In 1975, the West German government stated that its ratification of the accession of the Federal Republic to the Nuclear Nonproliferation Treaty would not preclude an eventual nuclear deterrent within the framework of the European Union. The issue of a European nuclear deterrent also blends into the related question as to what role, if any, remains for so-called “tactical” or non-strategic nuclear weapons in NATO.[1]
There are several political and military arguments in favor of this proposal. But there are certainly also reasons for skepticism and concern that, considered together, add up to the conclusion that a Eurodeterrent continues to be a bad idea.[2]
Rationale for a Eurodeterrent. The first reason given for a European nuclear deterrent is the possibility that a future US president might not be as committed to NATO as his or her predecessors. This was a concern raised during the administration of President Donald Trump, whose open disparagement of European allies for allegedly insufficient financial contributions to NATO alliance security raised alarms from Brussels to Washington. Although Trump’s actual policies turned out to be less disruptive than his inflammatory rhetoric, his possible return to the White House in 2025 could reboot European doubts about US security commitments. These doubts could include concerns about the role of America’s nuclear umbrella in the deterrence of war in Europe.

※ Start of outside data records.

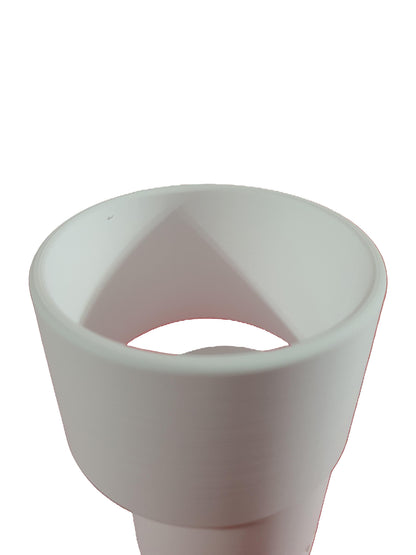 Cup Holder Plastic Liner 1984-1996 Corvette C4 Center Console Adapter - C4 Corvette Drink Holder Insert Replacement for Corvette Owners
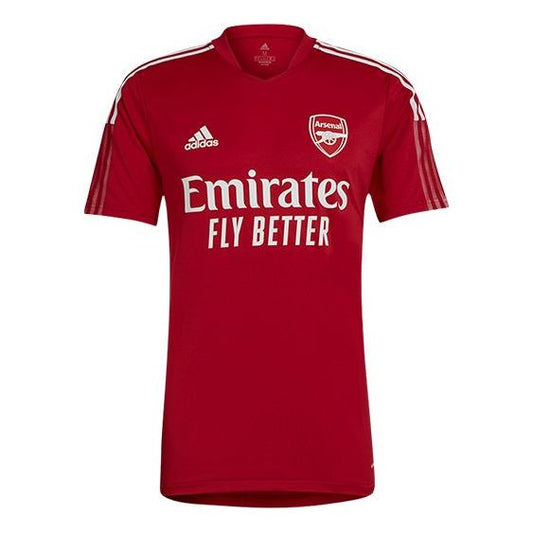 adidas Sport Training Short Sleeves Football Jersey Asia Sizing 21-22 Season Arsenal Men's Red GR4158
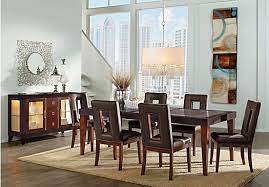 Sofia Vergara Savona Chocolate 5 Pc Rectangle Dining Room Dining Room Design Dining Furniture Makeover Dining Room Decor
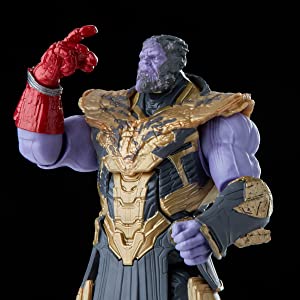 Marvel Hasbro Legends Series 6-inch Scale Action Figure 2-Pack Toy Iron Man Mark 85 vs. Thanos, Infinity Saga character, Premium Design, 2 Figures and 15 Accessories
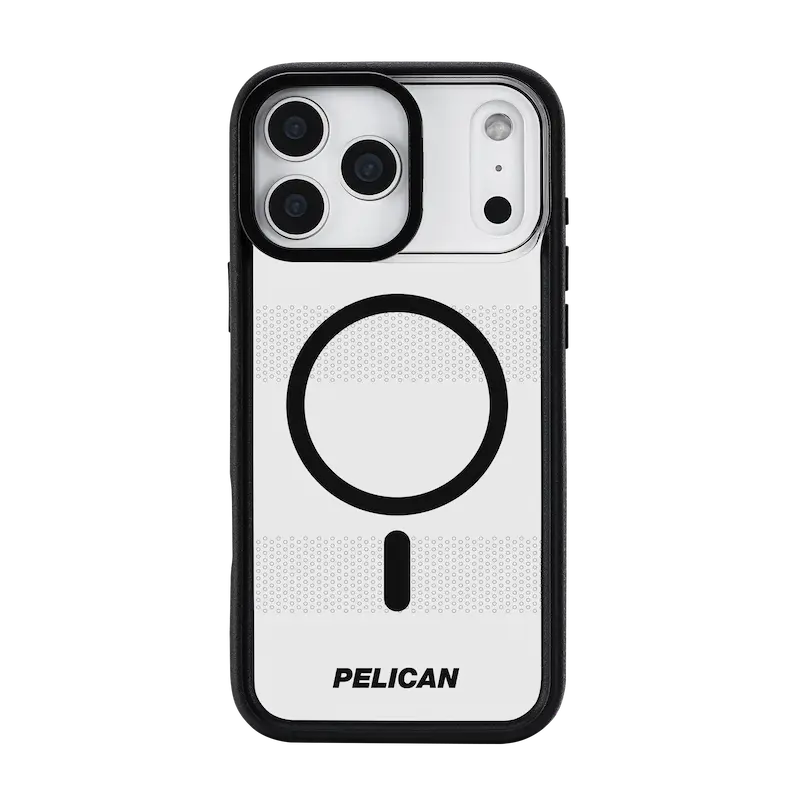 Pelican Protector MagSafe Case with Stand for iPhone 17 Pro Max - Clear / Black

A second reason for the renewed interest in a possible European nuclear deterrent is the war in Ukraine and the recurring threats by Russian President Vladimir Putin to resort to nuclear first use if needed to protect Russian security interests in that region.[3] Some Europeans who feel immediately threatened by Russian nuclear coercion, or even by the possibility of a Russian conventional military victory over Ukraine, might doubt the efficacy of America’s nuclear guarantee in the face of an increasingly confident Russia casting a larger shadow over the security of Eastern and Central European countries. Although Russia would still have its hands full of resistance and rebellion in Ukraine, even after having defenestrated the Zelensky government, European and American solidarity to further resist Russian diplomatic coercion supported by military power might weaken.
A third reason might be the growing nationalism in Europe and in the United States, spanning across the general public, leadership classes, and political office holders. The heady optimism about the North Atlantic security community that marked the Cold War and its immediate aftermath is now being challenged from many sides. Newer generations of voters show skepticism about the benefits of transnational and trans-Atlantic security and economic cooperation. There is also the growing significance among Europeans and Americans of identity politics, including doubts about the impact of foreign migration and so-called alarms over a dilution of national character. Parties of the far right are drawing increased strength in part from voters who feel denationalized by foreign influences and globalist agendas.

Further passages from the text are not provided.